On Monday, five of those leaders were recognized by their teammates as they were voted team captains for the 2014 season.
The team will leave one space open each game for a captain to be named each week.
“It’s humbling and it feels a lot better just knowing that you have the respect of your peers, the coaches, and you’re looked up to,” Knighton said. “This only being my second year here, just being thrown in the fire last year and just adjusting to things, the team, how things work, coming from a different organization—I had to adjust quickly but I never backed down from accepting the leadership role.”
This is the first time Knighton and Thomas have been named NFL team captains.
Knighton said being a leader is “simply being yourself every day.” He said he is never afraid to speak his mind and doesn’t shy away from potential awkward conversations with teammates if it’s to better the team. Being an “uplifting” motivator for his teammates is key part of his leadership style.
He acknowledged on Monday that having that “C” on his jersey is a responsibility.
“When things are uncomfortable and things are wanted to be said, you man up and say those things and when the team needs a lift you are the guy, the spark plug,” Knighton said. “Everybody feeds off you and once you know you have that ‘C’ on your jersey, you’re almost obligated to do things right and you want to do things right because guys are going to follow. And that is not a problem for me.
“Like I said, I am the same guy every day and guys know what they’re going to get from me every day so it’s easy for me.”
While the defense struggled with injuries last year, including one to former starting defensive tackle Kevin Vickerson, Knighton stepped up and took on a leadership role. He didn’t expect to be named defensive captain and explained that there were many other members of the defense who are just as deserving as him.
The last time Knighton was named captain of a team was when he was a senior at Temple University. But, he said being a captain at the professional level is very different from college.

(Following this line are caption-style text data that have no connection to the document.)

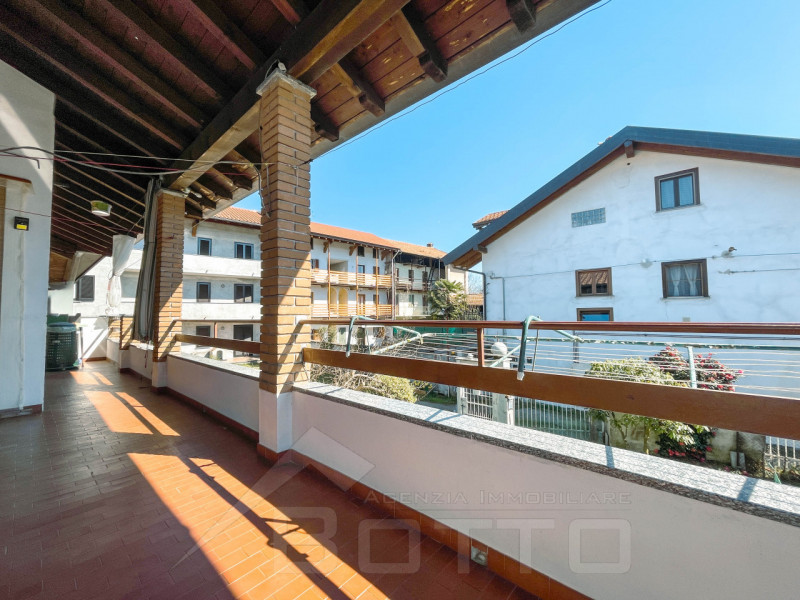 Immagine 10 di Casa bifamiliare in vendita  in Via Oioli 27 a Gattico-Veruno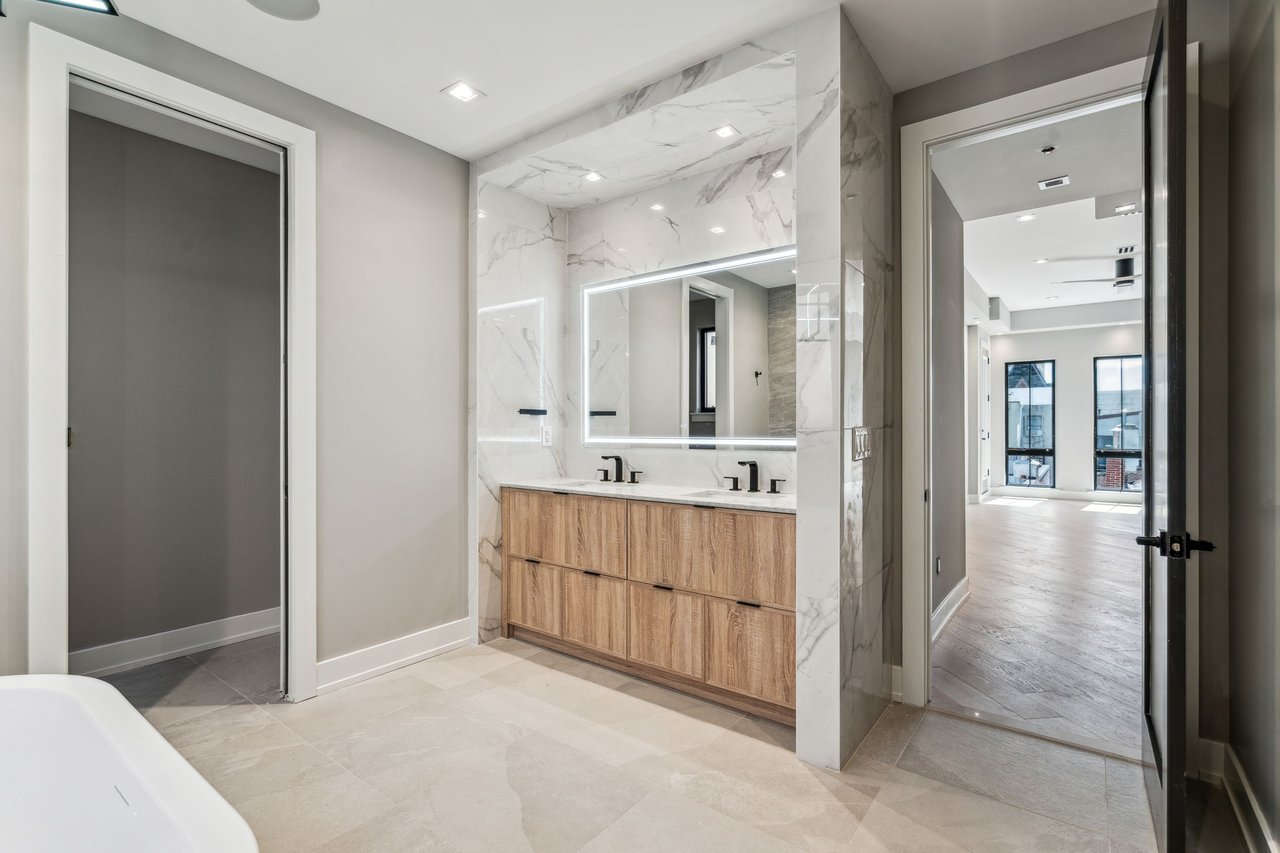 342 S Hicks St, Philadelphia, PA 19102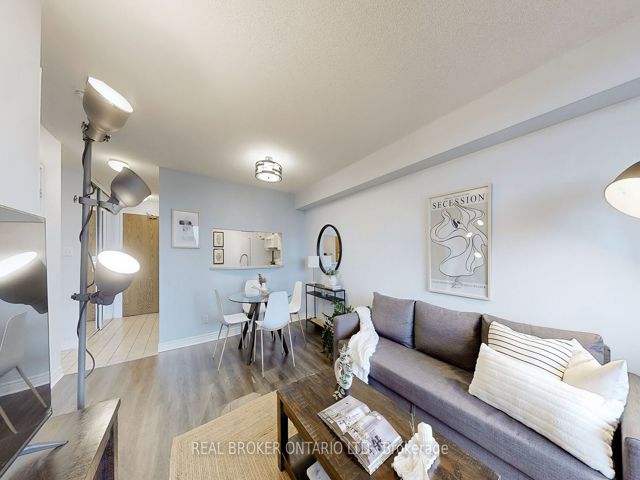 917 - 1700 Eglinton Ave E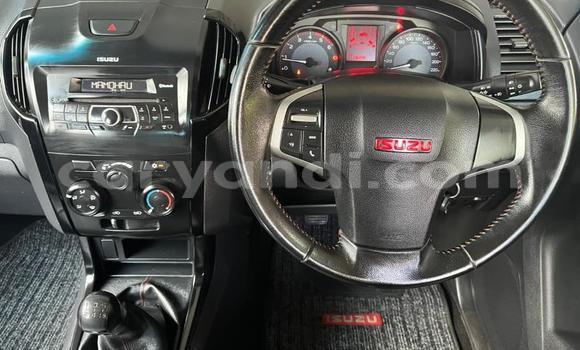 Buy Used Isuzu D–MAX White Car in Livingstone in Zambia Buy Used Isuzu D–MAX White Car in Livingstone in Zambia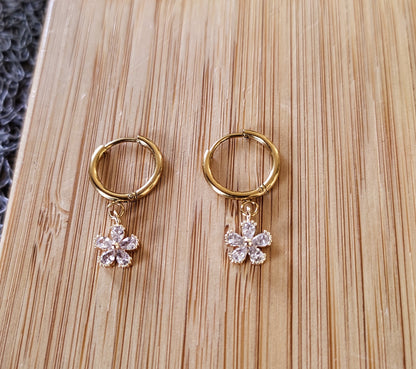 Boucles d'oreilles avec pendentifs fleurs - 13mm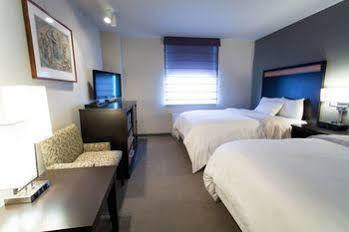 Iowa House Hotel Iowa City Eksteriør bilde
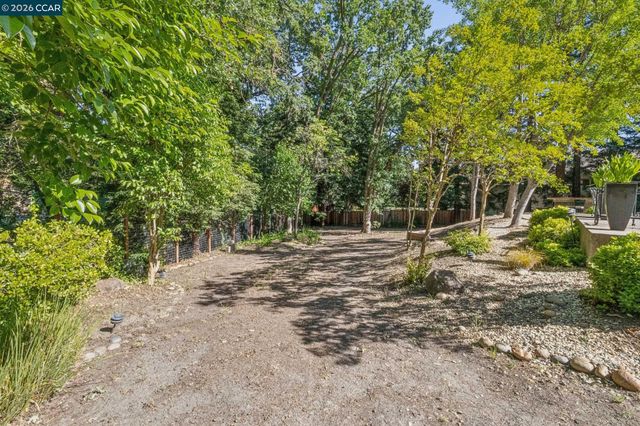 187 Stone Valley Way, Alamo, CA 94507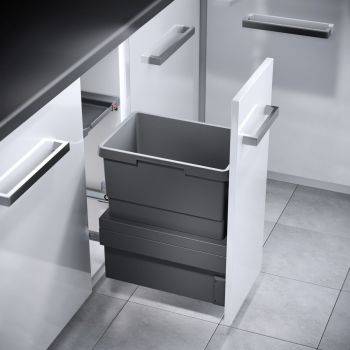 Hailo Cargo-Synchro - 300mm door, single bin - integrated under counter pull out kitchen cupboard bin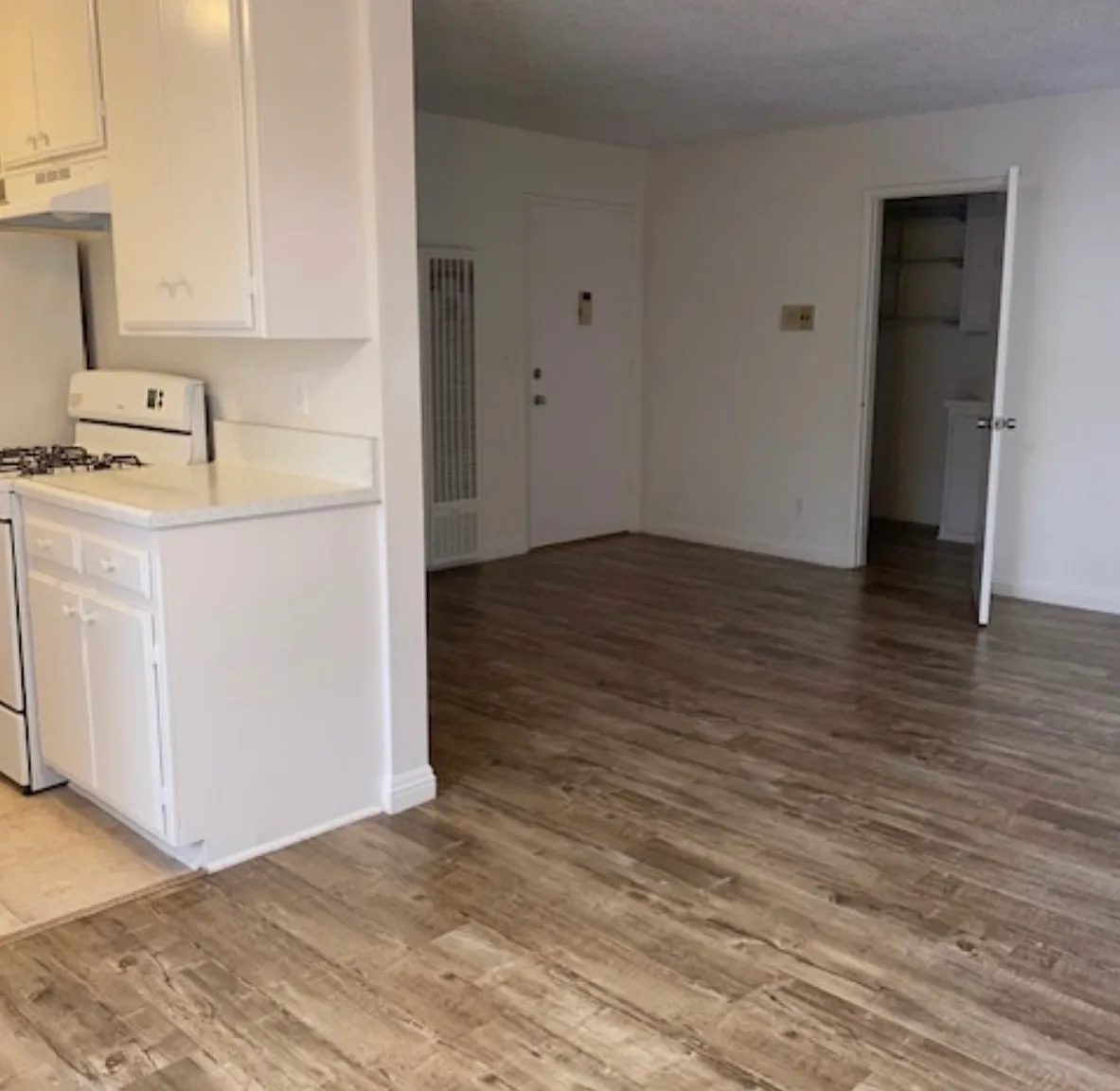 Studio, 450 sqft, $1,925 — Photo 1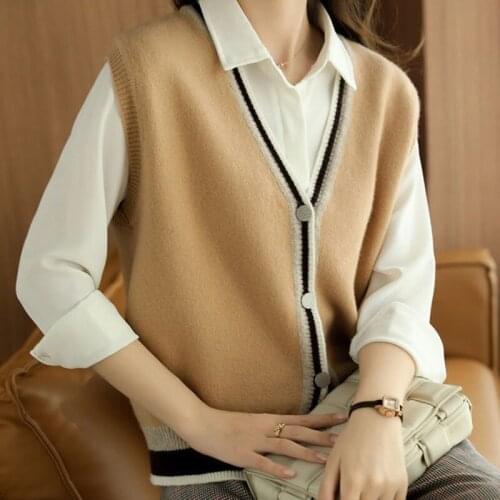 2021 spring and autumn new fashion wild knit single-breasted cardigan vest sweater women sleeveless v-neck casual top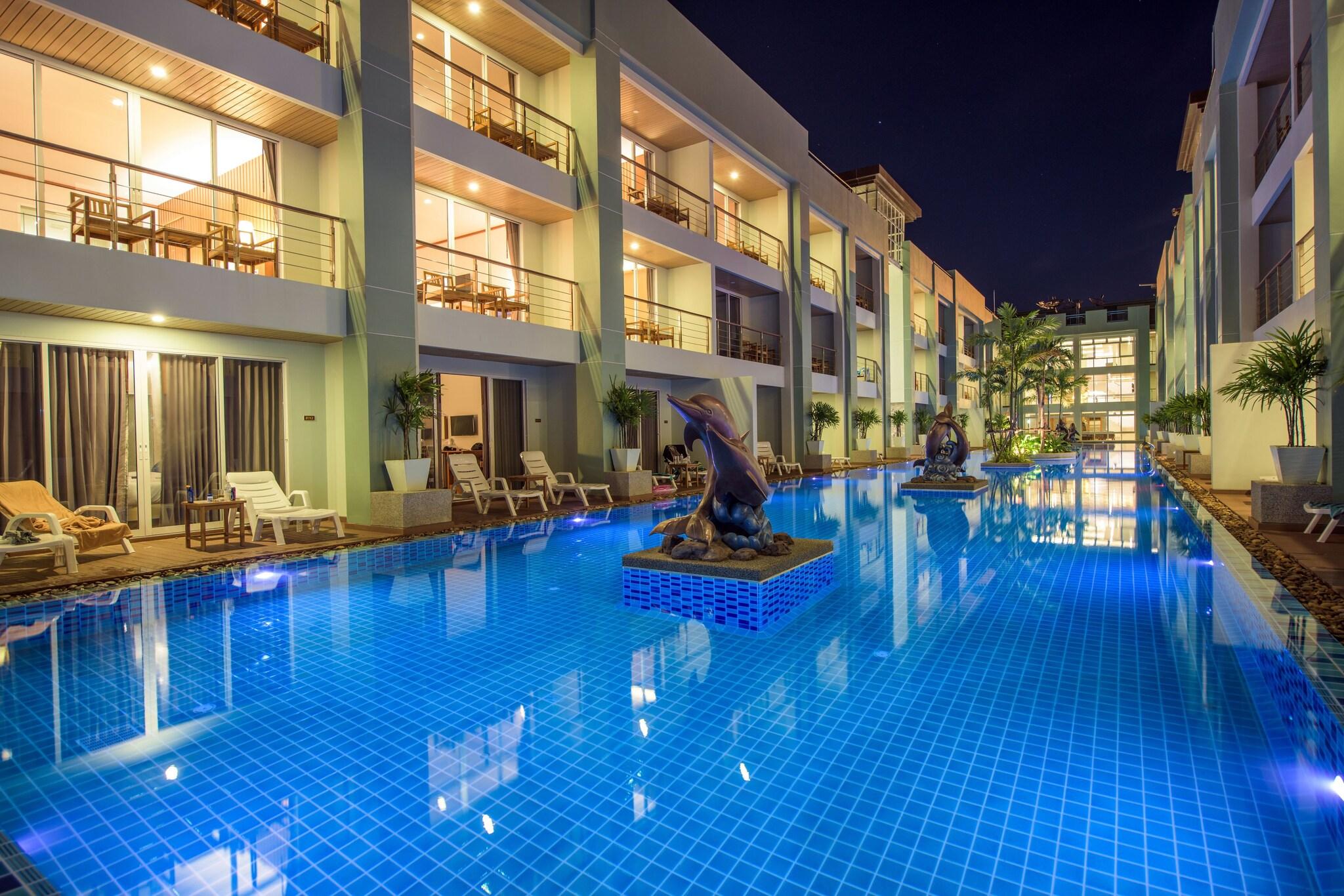 Phi Phi Harbour View Hotel by null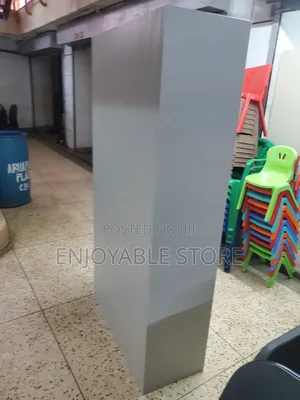 Metal Lockers Metal Lockers 9 Compartments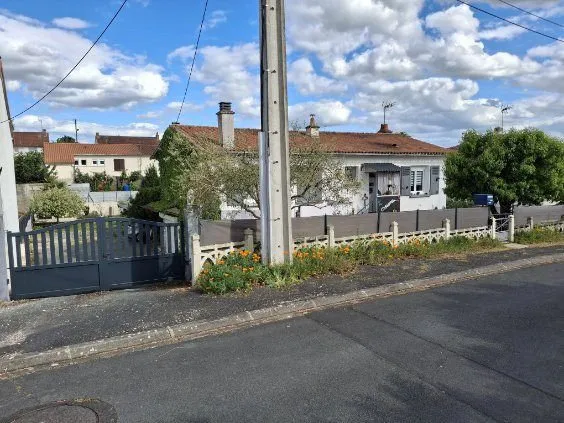 Esterno - 1963 Stone House with Balcony in Civray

“College was a little different because if you were the most talented guy and you got seniority, you are going to get that but in the NFL it’s more of a responsibility, means a little bit more and you represent—you represent the Broncos, you are one of the faces of the team and you just have to hold yourself to a higher standard whether it’s in the weight room, the film room, in public, addressing the media, things like that,” he said.
Thomas echoed similar sentiments to Knighton-- saying that so many of the members of the offense that line up with him are also deserving of the honor and that he also didn’t expect to be voted as captain.
While Knighton is ready and willing to speak his mind at any time, Thomas describes himself as a “lead by example” player. He feels that this honor creates a new role for him- a role that he embraces.
Former Bronco Champ Bailey was the team captain for seven seasons and Thomas said his leadership style is similar to his: quiet, but doing everything possible to prepare his teammates for game day. But, he has a fellow captain who he is working to emulate.
“To tell you the truth, I kind of want to be like Peyton,” Thomas said. “I feel like it’s going to be hard for me to say stuff, because he’s always saying, ‘This is what we need to do to make it better,’ or whatever. But I always watched Peyton since he’s been here.”
“Before Peyton, I watched a couple other guys. I used to watch [QB] Kyle Orton when I first got here because he was my first quarterback. That was about it. You know, [S] Brian Dawkins, [CB] Champ Bailey. Champ was quiet, but I felt like he was a leader. Everybody paid attention to him.”
While the newly named team captains were surprised to receive the votes of their teammates, neither are taking the responsibility of wearing the “C” on their jerseys lightly.